Decades later, many companies continue to invest time, effort, and considerable cost in creating valuable process information, then they just let it go to waste. And everyone knows it’s happening. And no one seems to care.

What are we missing?

One of my favorite process improvement books is The Checklist Manifesto: How to Get Things Right by Atul Gawande. 

On examining why process and procedure just aren’t connecting with teams, I’ve realized it isn’t due to “laziness or unwillingness”. As Dan Boorman explains in the manifesto: “The reason is more often that the necessary knowledge has not been translated into a simple, usable, and systematic form.” 
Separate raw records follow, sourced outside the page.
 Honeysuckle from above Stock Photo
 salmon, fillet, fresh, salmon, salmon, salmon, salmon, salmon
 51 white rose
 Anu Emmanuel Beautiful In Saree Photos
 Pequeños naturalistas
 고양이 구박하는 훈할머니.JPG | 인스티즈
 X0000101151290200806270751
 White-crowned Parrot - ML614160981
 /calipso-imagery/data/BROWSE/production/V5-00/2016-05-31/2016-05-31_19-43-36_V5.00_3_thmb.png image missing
So how do we achieve this simplified version of the truth? Boorman and his team were faced with a similar challenge, so they “buckled down to the work of distilling the information into its practical essence… They sharpened, trimmed, and puzzled over pause points…”

It sounds really intense – and it is – but within about a month, “pilots had the new checklist in their hands – or in their cockpit computers. And they used it.” 
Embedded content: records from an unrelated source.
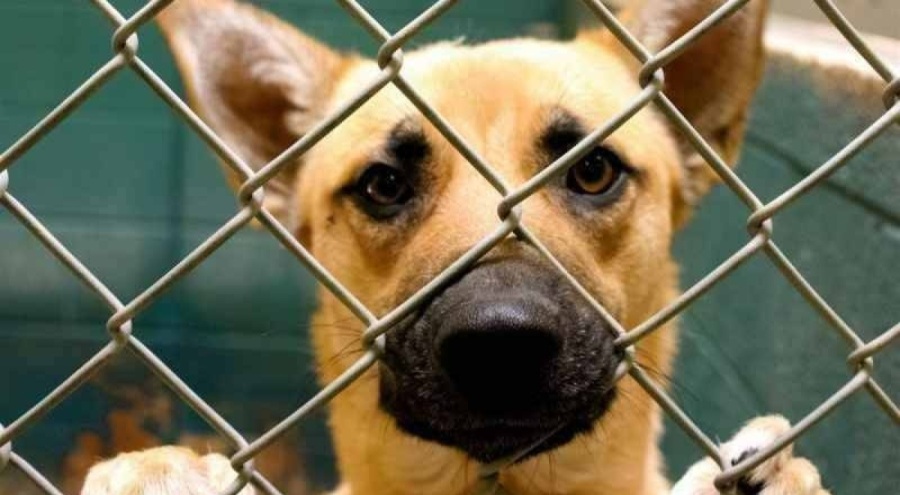 Hayvan nakillerine ilişkin düzenlemeye erteleme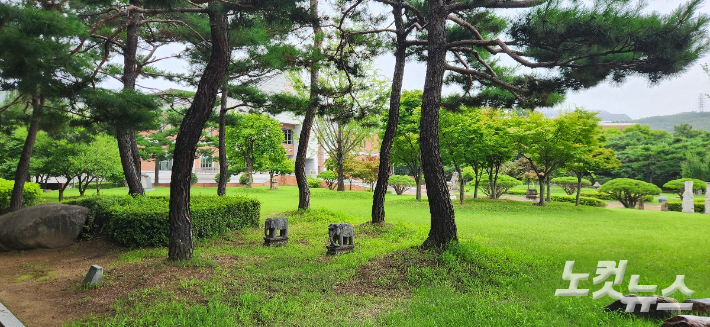 소나무숲 뒤로 박물관 건물이 보인다. 박물관 앞에는 각종 유물들로 노천박물관이 꾸며져 있다. 이재기 기자 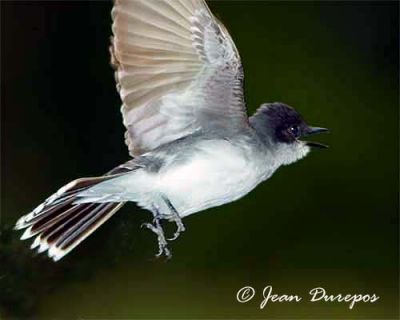 Eastern Kingbird in flight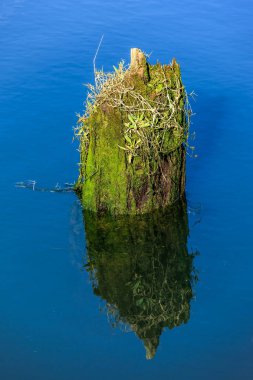 Eski yosun kaplı kazık.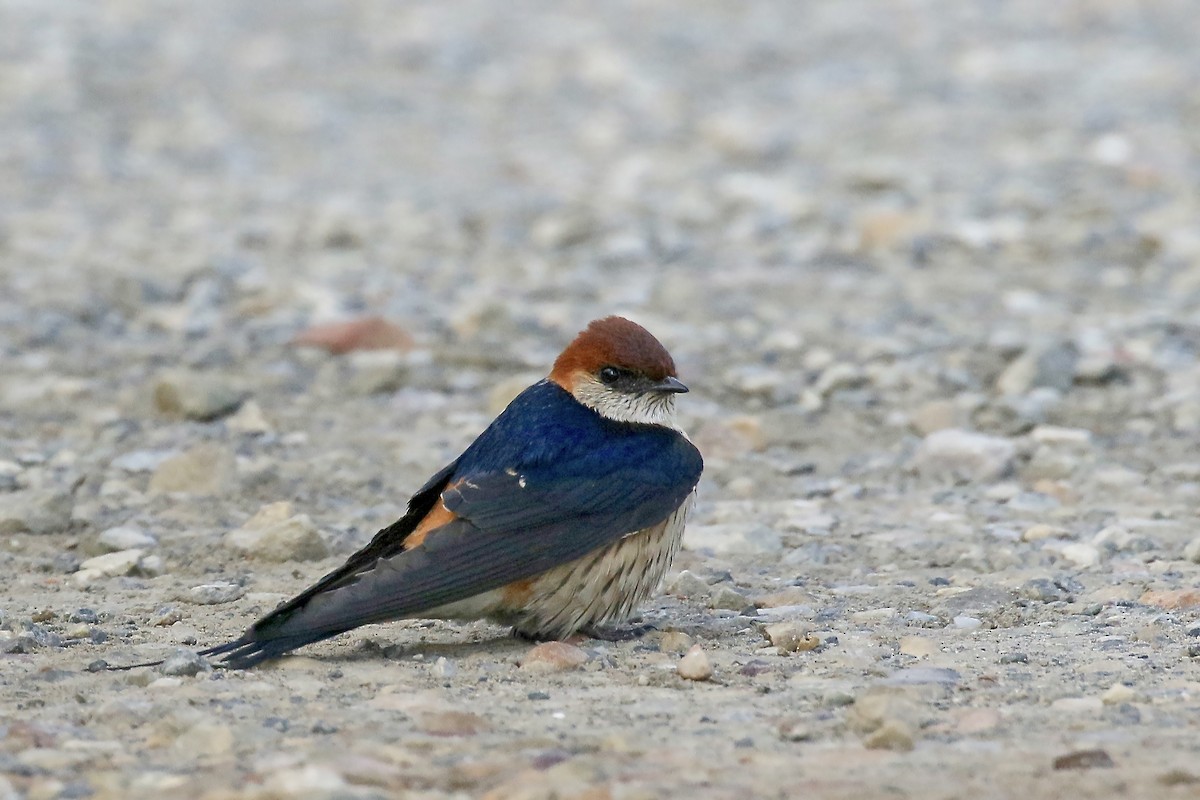 Greater Striped Swallow - Jan Andersson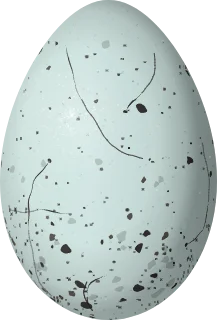 Illustration of a Lesser Antillean Saltator (Saltator albicollis) egg, 26.5 × 18 mm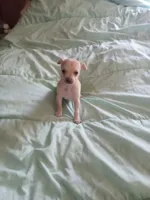 junior, a male Chihuahua for sale in Shallotte, NC – 2 of 4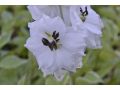 Delphinium elatum 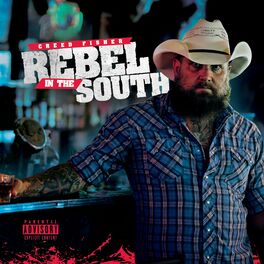 Album cover of Rebel in the South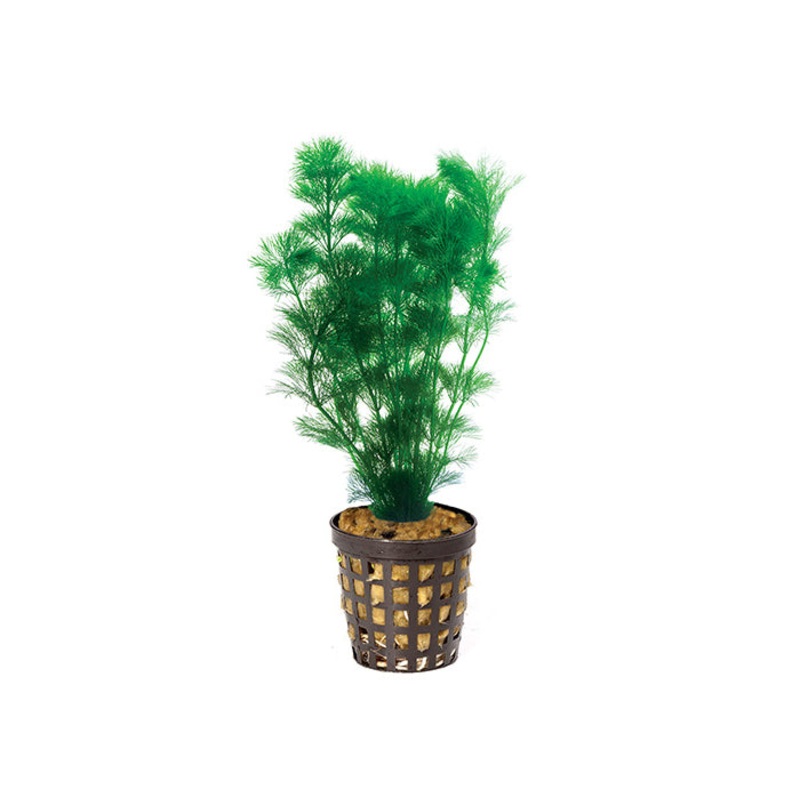 Ambulia in Mesh Pot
Wow - look at the last four words. ‘And they used it.

We may not all have the time and effort to invest in simplifying process to the extent of Atul’s aviation checklist example, but we can still learn from it. 
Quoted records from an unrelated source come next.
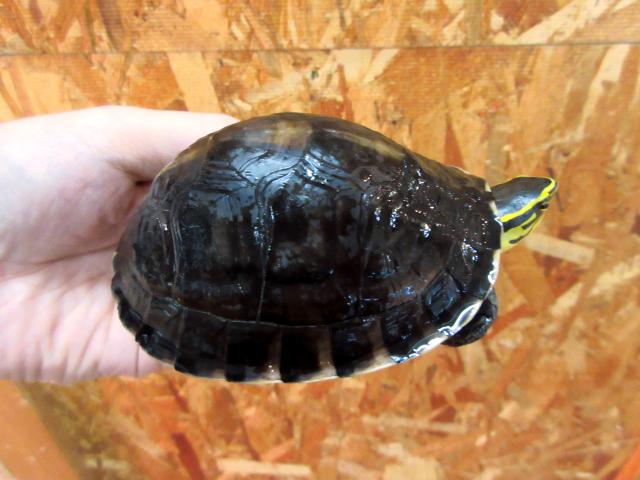 ビルマハコガメ(2)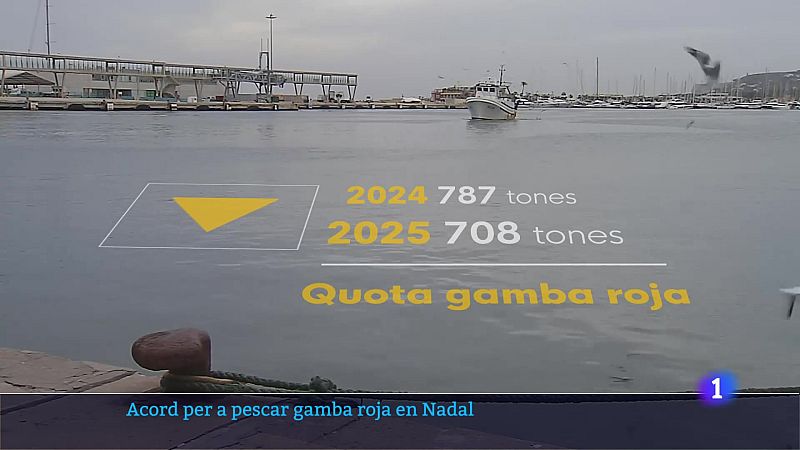 L'Informatiu de la Comunitat Valenciana 2 - 20/12/24 | Ver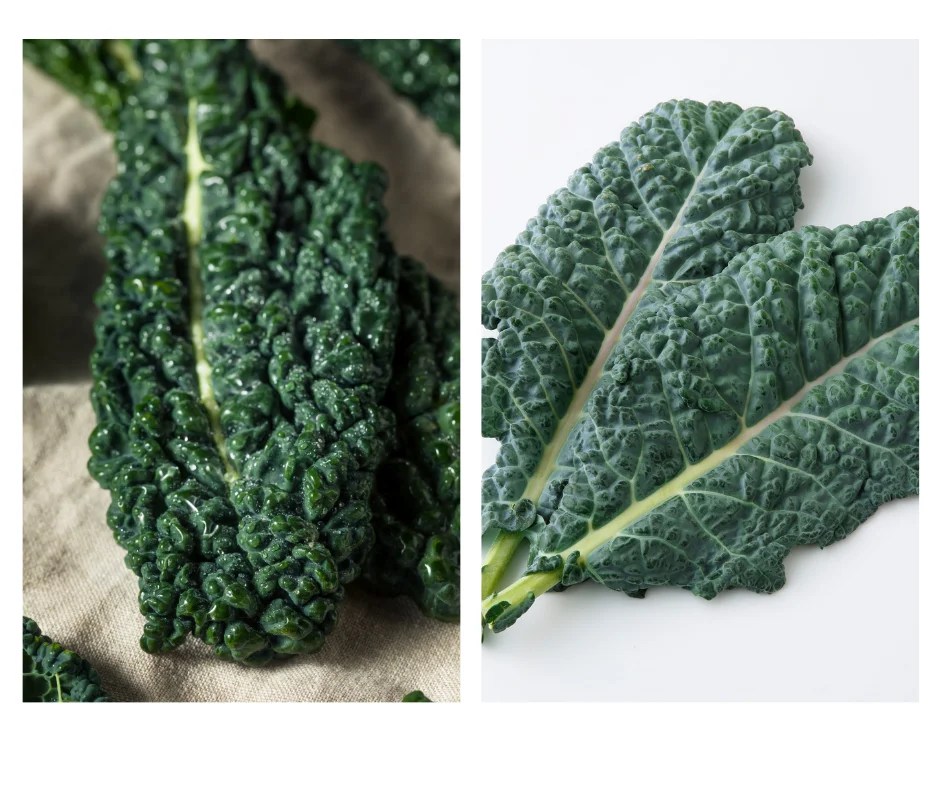 Kale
If we continue to produce processes as an expert’s brain dump of knowledge, we should expect the same results. There’ll be a continuation of no one using, or even looking for this information, and a dead process improvement culture.

The impact of complexity on your process improvement culture

Simplicity of process knowledge has a direct and critical impact on process improvement culture:

  • Teams that understand processes can more easily apply them correctly, and can ‘get it right’ more often.
  • Teams that clearly understand a process can spot problems and improvements more easily.
  • They can change and innovate faster. 
  • They can work with other teams in the context of processes flowing across different teams. 

So how is it that in 2018 we’re still missing something as obvious as this? I think one of the underlying causes is the diverse range of process authors. There are some common drivers for capturing process know-how: 

  • ISO manual authors and technical writers, for compliance purposes
  • Project teams supporting change initiatives
  • External consultants deploying new technology
  • Software specialists automating process workflows.

These teams of experts aren’t getting process wrong. In fact, they are getting process very right - they are achieving their desired outcomes.

Is simplicity of process a primary outcome for these stakeholder groups? No. In fact, it isn’t a measurement of their success at all.

Success looks different for different people

If we look at what success looks like for the groups above, they’re quite diverse, and quite different to the teams involved in owning and actually applying this process knowledge:

Unfortunately for the process culture of many organizations, the desired outcomes are very different for teams involved in dealing with customers - the teams who are actually working within these processes every day.

These are the teams we expect to execute new processes, that suffer under process breakdowns, that field direct customer feedback and fix process breakdowns every day.  They don’t have two hours to sit down and try to absorb a process. They expect to be able to use something as quick and as useful as the pilots do. 

As Atul rightly concludes - it’s not their laziness or unwillingness to accept help. This is a direct result of trying to use information that just hasn’t been translated into a useable format. 

A living, breathing, world-beating improvement culture does not happen without everyone in every team being able to contribute. And this means recognising that dumping techno-speak onto teams after projects is not process improvement.  

We need to shift the language of change, our business processes, into useful information so that everyone can join the process improvement conversation.